§ **AIM OF THE TASK**: An exact copy of the records is required, minus the pictures they hold.

§ **INPUT DATA**:
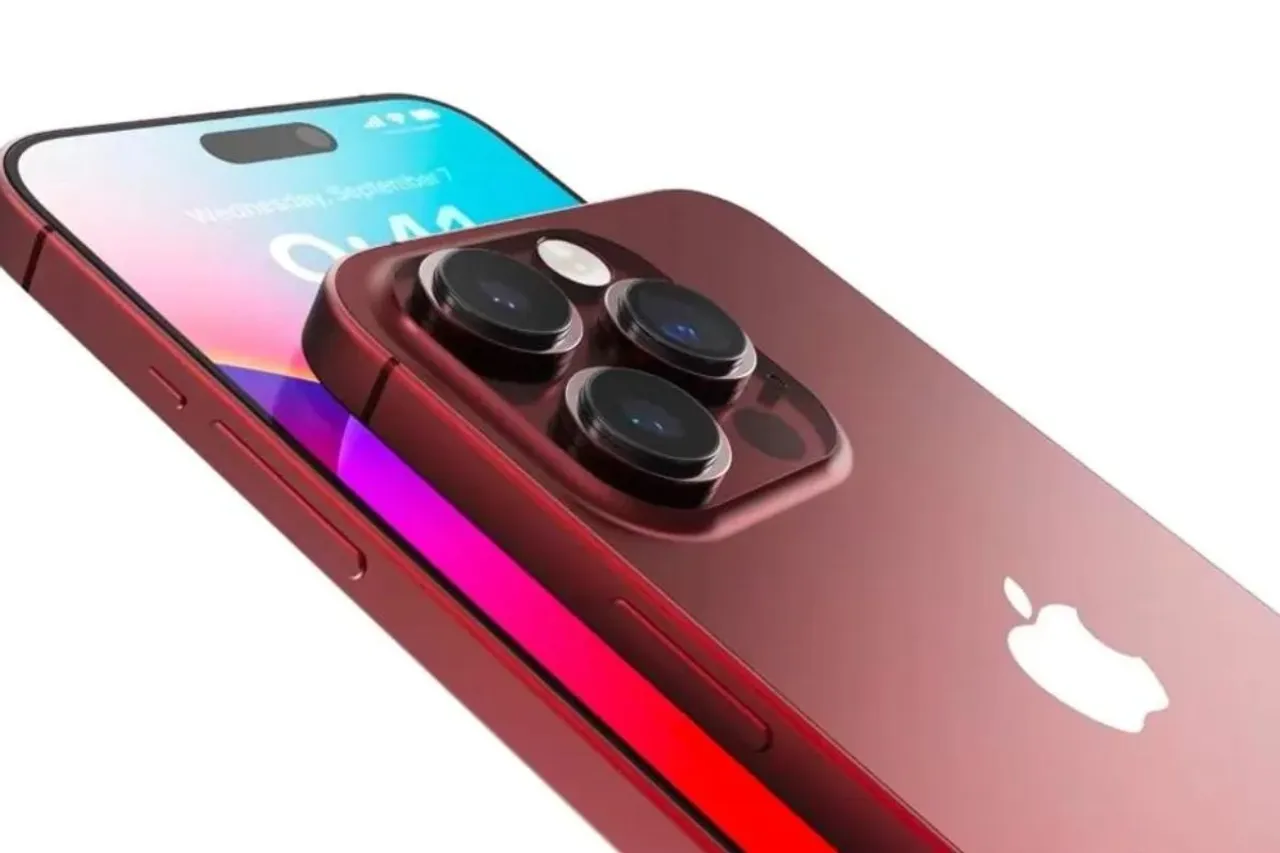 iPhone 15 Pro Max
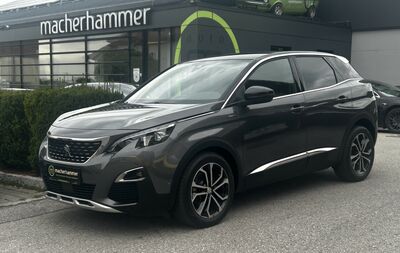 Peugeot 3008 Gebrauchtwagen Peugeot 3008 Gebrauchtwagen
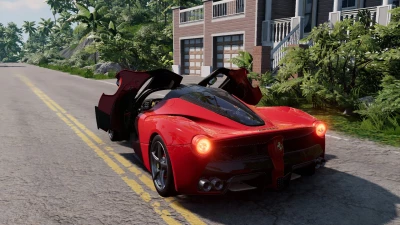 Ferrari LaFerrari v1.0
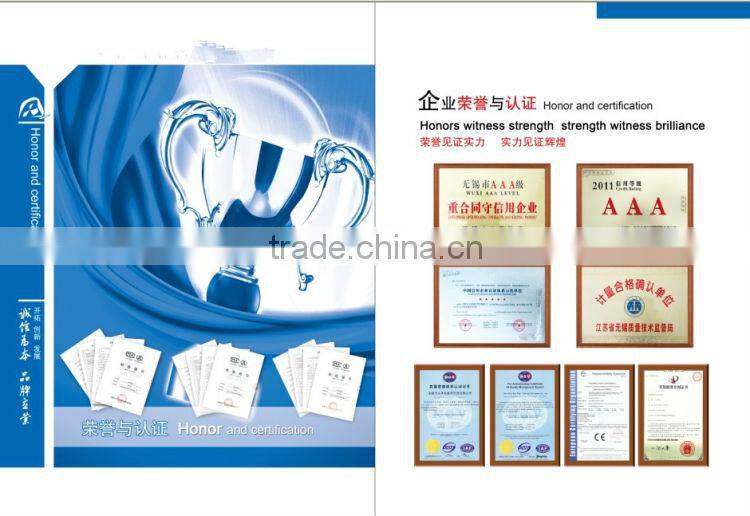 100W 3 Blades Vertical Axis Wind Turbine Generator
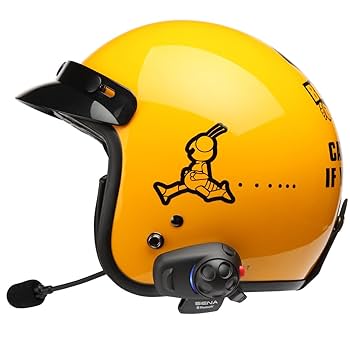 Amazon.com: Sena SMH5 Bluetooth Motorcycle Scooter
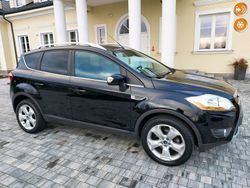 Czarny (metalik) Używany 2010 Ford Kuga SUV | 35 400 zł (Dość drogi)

§ **REPLY**:
 iPhone 15 Pro Max
 Peugeot 3008 Gebrauchtwagen Peugeot 3008 Gebrauchtwagen
 Ferrari LaFerrari v1.0
 100W 3 Blades Vertical Axis Wind Turbine Generator
 Amazon.com: Sena SMH5 Bluetooth Motorcycle Scooter
 Czarny (metalik) Używany 2010 Ford Kuga SUV | 35 400 zł (Dość drogi)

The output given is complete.